### GIVEN DATA ###
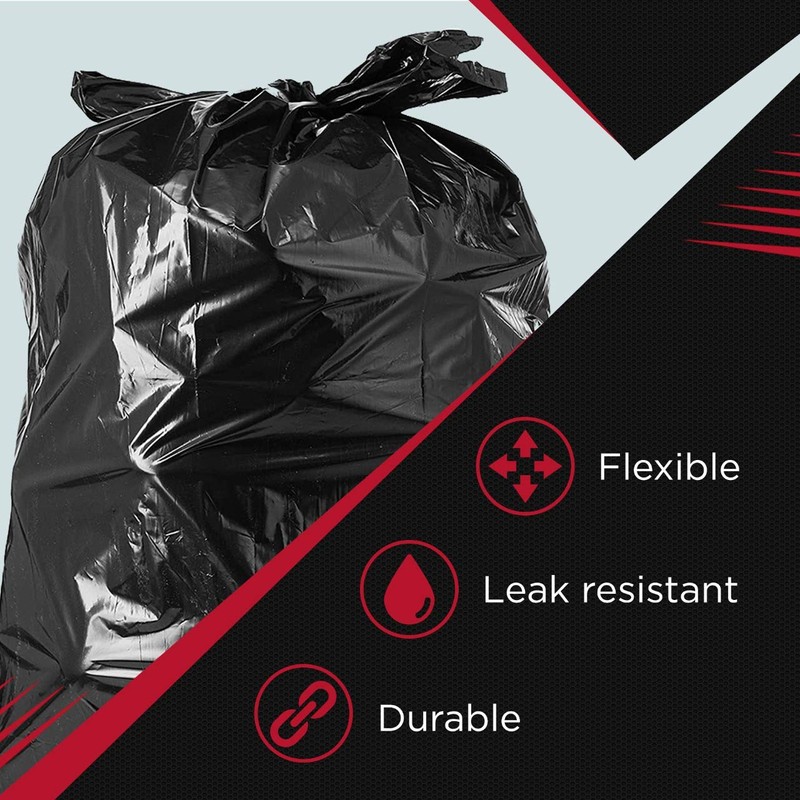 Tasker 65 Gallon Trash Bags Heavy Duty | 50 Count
###
### GIVEN DATA ###
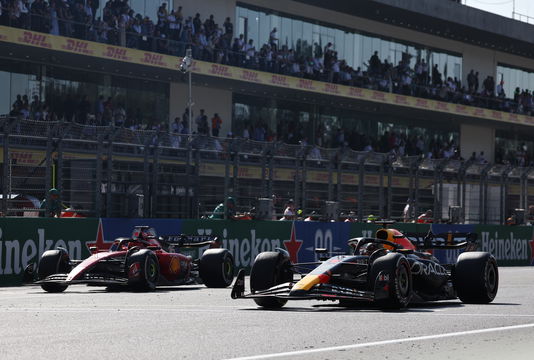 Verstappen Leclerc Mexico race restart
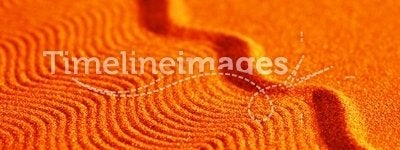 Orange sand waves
###
WHAT THE EXERCISE ASKS.
Please copy the lines above exactly, starting at the line that holds "Verstappen Leclerc Mexico race restart" and ending at the line that holds "Orange sand waves"; include both, but no pictures.

RESPONSE FOR THIS EXERCISE.
 Verstappen Leclerc Mexico race restart
 Orange sand waves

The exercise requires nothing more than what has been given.